*** Opening of Supplied data ***

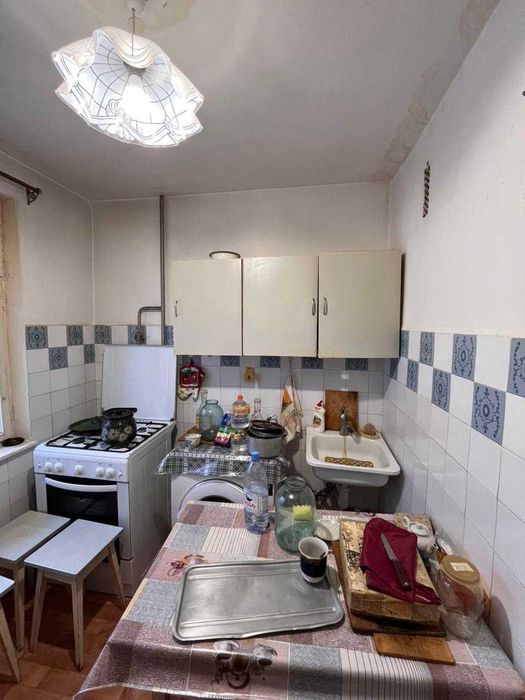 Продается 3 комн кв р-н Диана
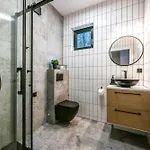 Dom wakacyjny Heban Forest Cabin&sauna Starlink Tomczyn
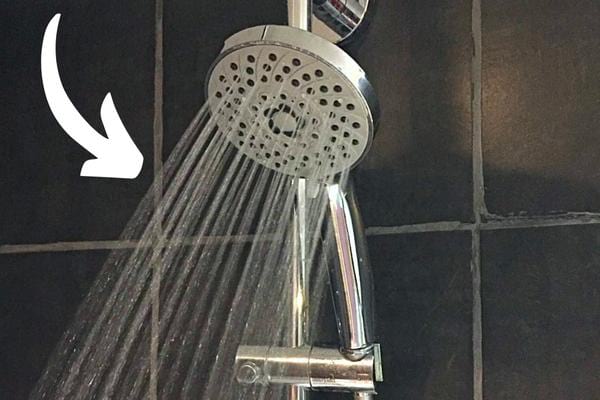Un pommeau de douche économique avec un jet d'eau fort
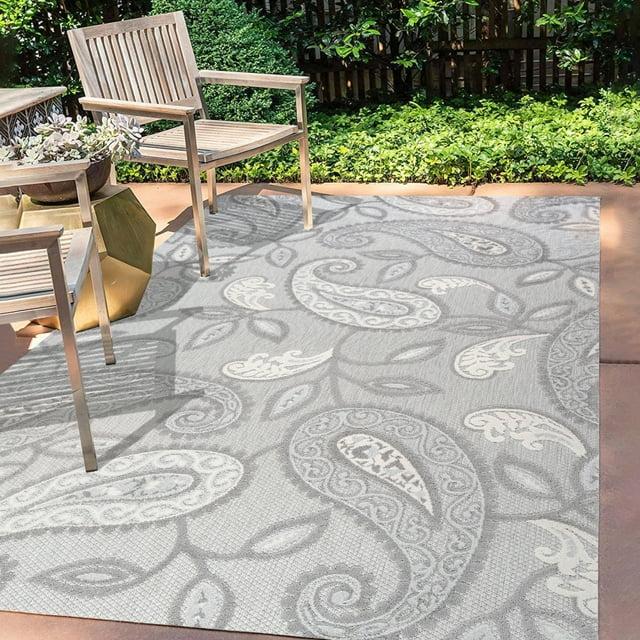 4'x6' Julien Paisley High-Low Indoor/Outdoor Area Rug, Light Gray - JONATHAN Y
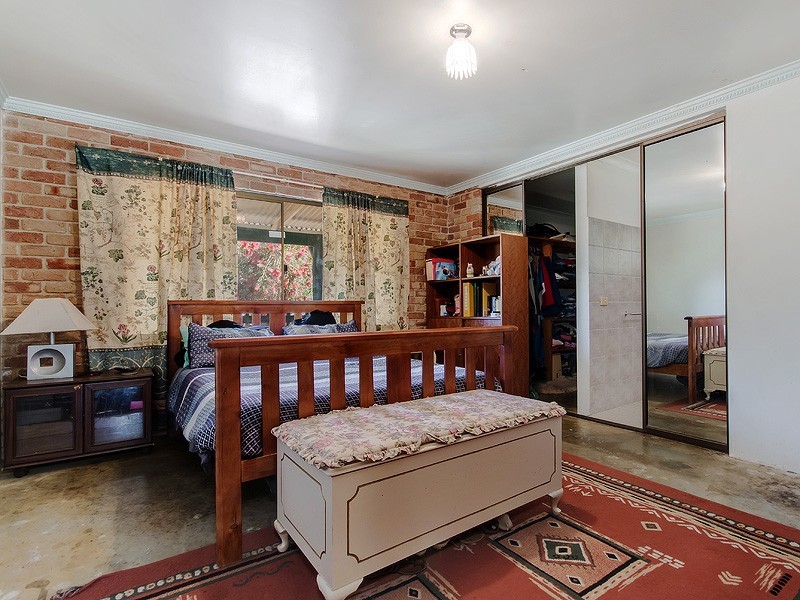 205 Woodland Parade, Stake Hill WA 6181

*** Close of Supplied data ***

The problem — Each line of the material goes into your copy unchanged, but no picture does.

Written response —
 Продается 3 комн кв р-н Диана
 Dom wakacyjny Heban Forest Cabin&sauna Starlink Tomczyn
Un pommeau de douche économique avec un jet d'eau fort
 4'x6' Julien Paisley High-Low Indoor/Outdoor Area Rug, Light Gray - JONATHAN Y
 205 Woodland Parade, Stake Hill WA 6181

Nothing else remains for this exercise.